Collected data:
-----
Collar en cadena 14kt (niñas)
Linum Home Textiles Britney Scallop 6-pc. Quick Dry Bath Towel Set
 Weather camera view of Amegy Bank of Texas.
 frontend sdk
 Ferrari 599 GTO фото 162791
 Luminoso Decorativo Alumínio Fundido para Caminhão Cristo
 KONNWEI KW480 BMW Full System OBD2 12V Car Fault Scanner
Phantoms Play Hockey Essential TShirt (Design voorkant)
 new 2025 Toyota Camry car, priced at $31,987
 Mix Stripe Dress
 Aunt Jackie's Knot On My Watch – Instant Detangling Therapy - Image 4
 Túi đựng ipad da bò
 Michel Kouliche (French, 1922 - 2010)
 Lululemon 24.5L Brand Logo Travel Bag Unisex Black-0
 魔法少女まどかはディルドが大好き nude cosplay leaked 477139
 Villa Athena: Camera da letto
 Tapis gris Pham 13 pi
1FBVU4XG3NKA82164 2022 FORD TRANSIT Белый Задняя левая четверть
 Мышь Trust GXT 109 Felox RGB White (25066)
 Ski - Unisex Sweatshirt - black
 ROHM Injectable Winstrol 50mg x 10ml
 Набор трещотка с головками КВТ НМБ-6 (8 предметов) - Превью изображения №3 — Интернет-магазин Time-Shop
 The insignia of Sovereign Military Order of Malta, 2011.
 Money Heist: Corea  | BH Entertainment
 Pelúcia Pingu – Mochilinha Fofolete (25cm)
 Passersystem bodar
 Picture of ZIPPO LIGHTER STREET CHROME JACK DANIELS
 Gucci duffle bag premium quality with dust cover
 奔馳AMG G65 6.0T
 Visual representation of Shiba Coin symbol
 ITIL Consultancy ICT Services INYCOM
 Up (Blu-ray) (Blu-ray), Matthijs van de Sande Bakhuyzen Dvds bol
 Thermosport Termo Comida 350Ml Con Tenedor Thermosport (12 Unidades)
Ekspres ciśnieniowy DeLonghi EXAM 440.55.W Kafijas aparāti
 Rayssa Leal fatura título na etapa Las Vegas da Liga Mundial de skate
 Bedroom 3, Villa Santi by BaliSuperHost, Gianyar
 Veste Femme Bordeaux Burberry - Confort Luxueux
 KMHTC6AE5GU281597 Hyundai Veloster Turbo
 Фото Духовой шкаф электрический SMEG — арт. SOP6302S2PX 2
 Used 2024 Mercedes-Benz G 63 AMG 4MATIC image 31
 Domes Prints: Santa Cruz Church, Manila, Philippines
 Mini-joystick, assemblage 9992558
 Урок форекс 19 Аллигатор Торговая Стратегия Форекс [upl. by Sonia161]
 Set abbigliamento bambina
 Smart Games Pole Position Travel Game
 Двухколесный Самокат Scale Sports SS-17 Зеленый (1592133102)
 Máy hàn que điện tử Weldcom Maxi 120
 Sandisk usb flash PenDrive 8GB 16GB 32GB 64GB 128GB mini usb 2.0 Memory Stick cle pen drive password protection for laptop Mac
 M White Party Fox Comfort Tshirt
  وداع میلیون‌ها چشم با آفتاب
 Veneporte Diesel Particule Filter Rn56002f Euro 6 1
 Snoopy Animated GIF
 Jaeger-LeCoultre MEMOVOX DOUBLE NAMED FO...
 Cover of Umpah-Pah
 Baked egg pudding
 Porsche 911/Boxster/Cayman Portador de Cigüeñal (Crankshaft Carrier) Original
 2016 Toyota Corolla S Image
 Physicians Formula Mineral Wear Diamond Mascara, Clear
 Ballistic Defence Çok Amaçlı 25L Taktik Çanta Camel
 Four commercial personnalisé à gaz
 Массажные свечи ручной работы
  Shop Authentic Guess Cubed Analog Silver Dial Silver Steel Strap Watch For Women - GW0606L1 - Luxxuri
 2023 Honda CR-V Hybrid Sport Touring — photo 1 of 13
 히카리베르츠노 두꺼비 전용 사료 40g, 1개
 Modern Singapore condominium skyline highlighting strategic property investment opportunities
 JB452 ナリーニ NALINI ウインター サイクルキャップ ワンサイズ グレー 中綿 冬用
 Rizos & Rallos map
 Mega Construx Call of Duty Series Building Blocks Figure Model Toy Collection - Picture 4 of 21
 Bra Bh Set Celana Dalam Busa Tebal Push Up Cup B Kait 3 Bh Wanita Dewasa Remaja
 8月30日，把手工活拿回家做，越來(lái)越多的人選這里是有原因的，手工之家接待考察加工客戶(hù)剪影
-----
Exercise objective:
State the number of lines in the data that include the string "Shop", and add nothing else.

Answer to this task:
2